An alternative to polyurethane finish?
Q. A woodworker is currently using polyurethane for his finishing and doesn't like the results. He uses light coats and steel wool between coats, but it still looks wavy and full of ridges. He wants advice on other finishes so he can get high gloss with a deep finish, even if it means a lot more work.
A. (Michael Dresdner) "I'm going to assume you started out with an entirely flat surface (a dangerous assumption, I know.) I'll guess that you ensured flatness by sanding diagonally except for the very last grit. Sanding on the diagonal, and switching 90 degrees with each grit, will help keep the board flat and avoid washboard ridges. These ridges are common on woods whose summer and winter woods are very different densities.
If all that is so, all the waves and ridges were put in during your finishing steps. If ridges show up after your first thin coat, your wood was not flat to start with.
Afterward, use sandpaper between coats. Steel wool does not cut flat. It abrades by following the surface that is already there. Sandpaper, on the other hand, cuts flat. If you applied the finish unevenly with 'waves and ridges,' the steel wool will not eliminate that and will only accentuate it. If you sand flat after each coat, you will only have to contend with one coat's uneven surface at a time. And chances are, if you are applying thin enough coats, you will not have ridges and waves ? their presence suggests that the finish is going on too heavily.

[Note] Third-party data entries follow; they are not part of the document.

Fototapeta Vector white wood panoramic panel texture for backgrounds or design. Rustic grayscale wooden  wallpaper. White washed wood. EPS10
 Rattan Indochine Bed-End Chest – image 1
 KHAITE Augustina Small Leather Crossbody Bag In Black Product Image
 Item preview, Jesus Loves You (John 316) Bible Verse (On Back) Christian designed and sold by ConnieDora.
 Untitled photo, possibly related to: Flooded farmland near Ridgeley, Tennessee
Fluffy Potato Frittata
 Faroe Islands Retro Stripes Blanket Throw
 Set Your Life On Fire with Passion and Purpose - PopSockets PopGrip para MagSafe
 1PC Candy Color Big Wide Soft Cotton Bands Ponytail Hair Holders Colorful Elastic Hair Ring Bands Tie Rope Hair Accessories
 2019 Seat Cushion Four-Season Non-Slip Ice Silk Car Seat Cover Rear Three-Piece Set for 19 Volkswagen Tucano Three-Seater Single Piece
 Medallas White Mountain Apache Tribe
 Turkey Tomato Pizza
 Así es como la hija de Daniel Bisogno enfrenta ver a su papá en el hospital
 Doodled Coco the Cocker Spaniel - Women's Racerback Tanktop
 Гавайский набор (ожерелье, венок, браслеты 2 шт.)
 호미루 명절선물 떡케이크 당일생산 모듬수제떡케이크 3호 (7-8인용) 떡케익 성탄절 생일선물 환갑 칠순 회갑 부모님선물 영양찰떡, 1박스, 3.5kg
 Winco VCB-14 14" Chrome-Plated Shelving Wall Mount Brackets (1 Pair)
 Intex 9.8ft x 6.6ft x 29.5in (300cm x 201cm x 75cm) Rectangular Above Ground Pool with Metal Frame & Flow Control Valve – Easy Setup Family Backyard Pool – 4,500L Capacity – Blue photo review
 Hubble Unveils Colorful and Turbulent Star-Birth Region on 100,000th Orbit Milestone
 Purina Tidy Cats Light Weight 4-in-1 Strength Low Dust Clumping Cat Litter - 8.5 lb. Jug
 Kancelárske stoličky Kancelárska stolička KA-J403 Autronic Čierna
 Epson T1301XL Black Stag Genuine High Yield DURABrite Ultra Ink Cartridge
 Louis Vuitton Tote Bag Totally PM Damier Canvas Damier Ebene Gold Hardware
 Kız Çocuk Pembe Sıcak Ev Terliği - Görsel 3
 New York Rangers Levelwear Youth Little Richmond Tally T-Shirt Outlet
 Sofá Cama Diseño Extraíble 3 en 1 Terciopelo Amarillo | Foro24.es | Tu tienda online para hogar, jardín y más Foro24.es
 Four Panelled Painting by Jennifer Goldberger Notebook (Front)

Finally, a note about gloss finishes. While it is possible to do a gloss finish in a thermoset finish, like oil based poly, it is much more difficult. That's because when you do the final rub, you run the risk of cutting into the layer below and creating a witness line, a fine line showing where one coat ends and the next begins. For gloss rub, I prefer thermoplastic finishes, such as shellac and lacquer. Because they redissolve themselves with each coat, there is never a line that shows no matter how deeply you cut when you rub up to gloss. The good news is that it is NOT a lot more work ? only a different material ? and you will not have to sand between all coats. Sand once after the first coat to eliminate any 'fur' and once before the final coat, to make sure your surface is flat."